Each piece is 1 1/2" thick pine. I bought a 2" 3-flute cutter from MLCS. Currently I am finding that the cut is really slow, and seems to also burn the wood. I am running my Makita varible speed router at it's lowest setting (mostly because it kind of scares me).

I am wondering, what is the right speed to be running my router at for various tasks (and this one in particular)? Are there any hard (or semi-hard) rules like "For this application, and this type of wood, run it at XXX speed"? Or is there some observation I can make to determine the best speed? Also, what are the safety considerations I should be aware of when choosing a speed?

Thanks.


----------



## CharlieM1958 (Nov 7, 2006)

In general, slower speeds are for large-diameter bits like panel-raising bits. (I'm sure someone will bring up some other scenarios where slower speeds are called for.)

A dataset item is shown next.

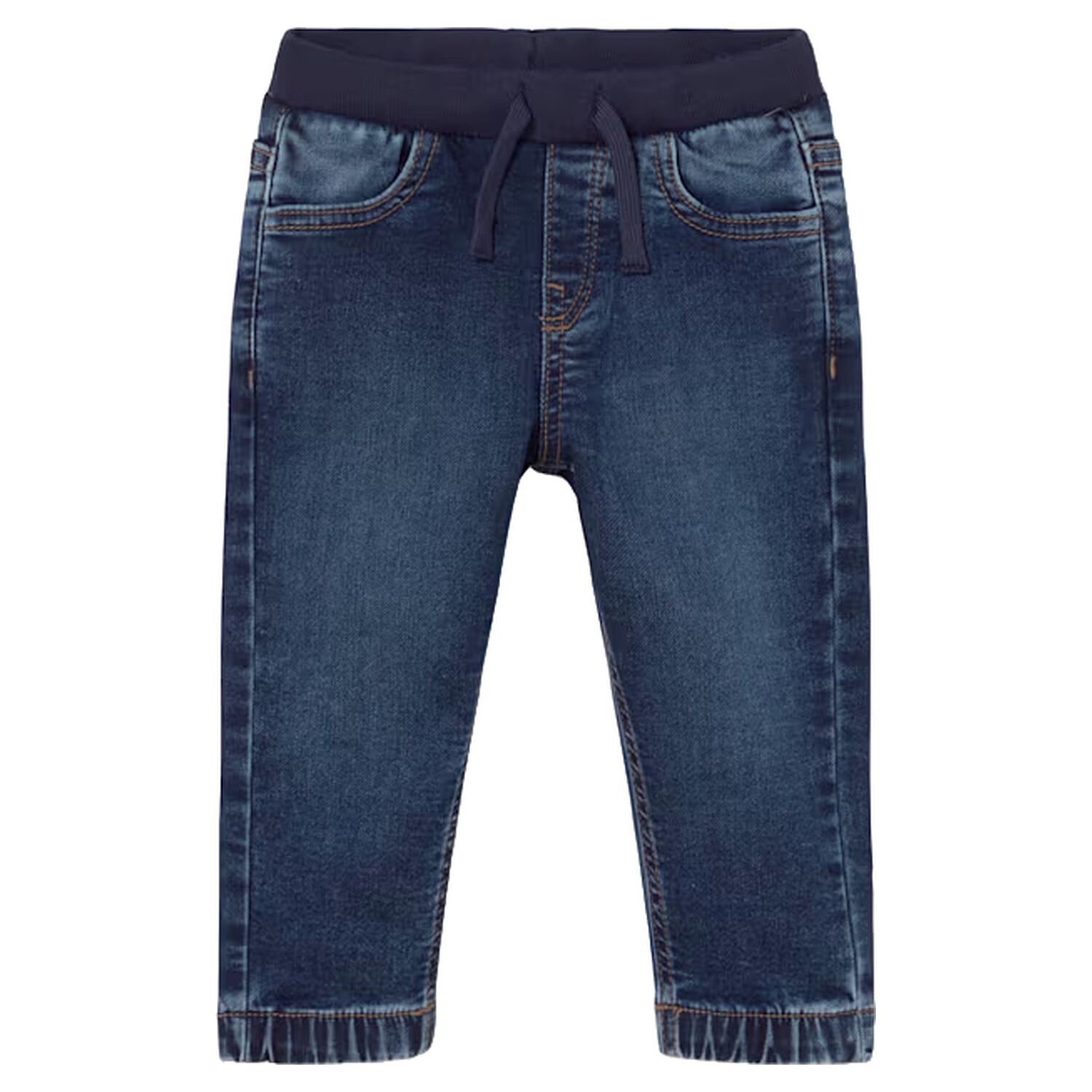 Younger Boys Navy Blue Denim Joggers, 1, hi-res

For the job you describe, I believe you should be running at full speed. Slow speed is what is causing your problems.


----------



## a1Jim (Aug 9, 2008)

I agree with 50/50


----------



## lwllms (Jun 1, 2009)

I'm not a fan of big router bits in a router. If I were to do it, I'd follow the recommendation of the router bit manufacturer. It's not that hard to do, digital non-contact tachometers are pretty cheap these days. I'm a little amazed they're not standard equipment for variable speed routers and other tools. I sure like the one we have.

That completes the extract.